Abandoning the appeal to translation opens Davidson to the objection that his version of Convention T is too weak.  All that his version requires is that the meta-language sentence on the right-hand side of the biconditional be true iff the object-language sentence referred to on the left-hand side is true.  But consider the following two possible theorems, proposed as parts of theories of meaning for English and French respectively:

“Snow is white” is true (in English) iff grass is green.

“La neige est blanche” is true (in French) iff grass is green.

Both of these sentences satisfy Davidson’s Convention T!  But surely it would be a mistake to claim that they ‘give the meaning’ of the relevant object-language sentences in any sense, no matter how permissive, of that phrase.

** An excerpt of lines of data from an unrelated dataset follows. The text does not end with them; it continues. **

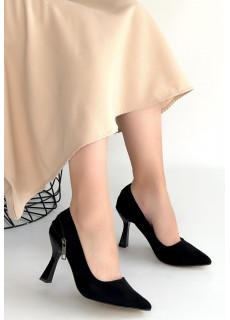 Retta Siyah Süet Topuklu Ayakkabı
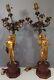 Antique Bronse Candelabras By Charles Cumberworth The Harvesters Pair Signed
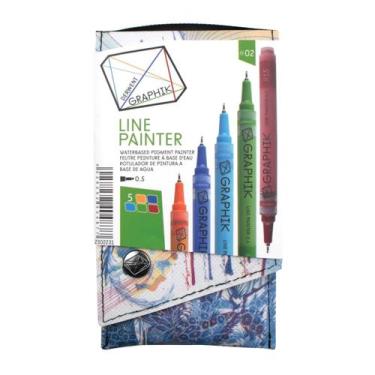 Imagem de Kit Estojo com 5 Canetas Graphik Line Painter 0,5mm - Paleta 02 - Derw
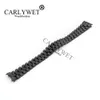 CARLYWET 20mm Silver Black Middle Gold Solid Curved End Screw Link Stainless Steel Wrist Watch Band Bracelet For President 240301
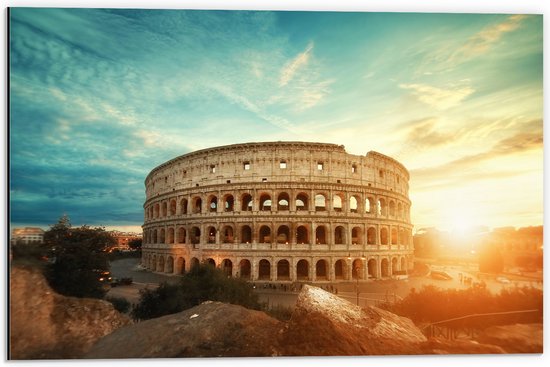 Dibond - Zonsondergang achter het Colesseum in Rome, Italië - 60x40 cm Foto op Aluminium (Met Ophangsysteem)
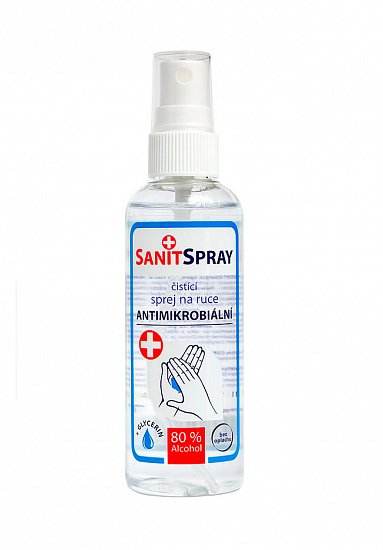 SanitSpray Antimikrobiální bezoplachový čistící sprej na ruce 150 ml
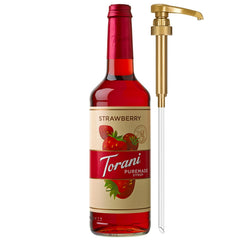 Torani bottle front packaging showing label and volume, brand clarity and use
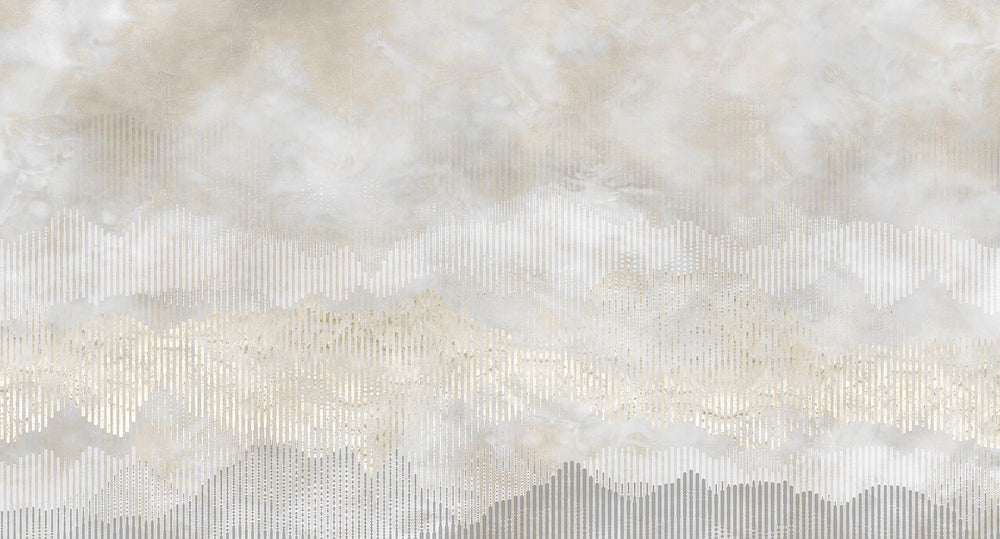 geometric abstract mountains mural wallpaper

Davidson’s answer to this objection is that Convention T is intended to work only in conjunction with the other constraints he imposes on theories of meaning.  There are two parts to this reply:

1.      We have already discussed one of the additional constraints, the compositionality constraint.  Taken together, the two constraints require that the same theory of meaning which produced the first T-sentence in the objection also produce T-sentences for the English sentences, “Snow is cold”, “Clouds are green”, etc., and that it do so on the basis of the semantic properties it assigns to the simple expressions, “snow”, “white”, “green”, etc.  It is very difficult to see how this could work.  (This will become clearer when we look in detail at how the axioms of a theory of meaning are to be constructed.)

2.      Davidson imposes a third constraint on a theory of meaning, the interpretative constraint, which requires that theorems of a theory of meaning for a language help to make total sense of the behavior of speakers of that language.  This imposes further substantial limitations on the content of these theorems, ruling out, for example, the two T-sentences in the objection.  (We will discuss this constraint when we discuss Davidson’s account of the evidence proper to a theory of meaning.)


Are sentences like, “‘Snow is white’ is true iff snow is white” trivially true?  No.  We will discuss why in class.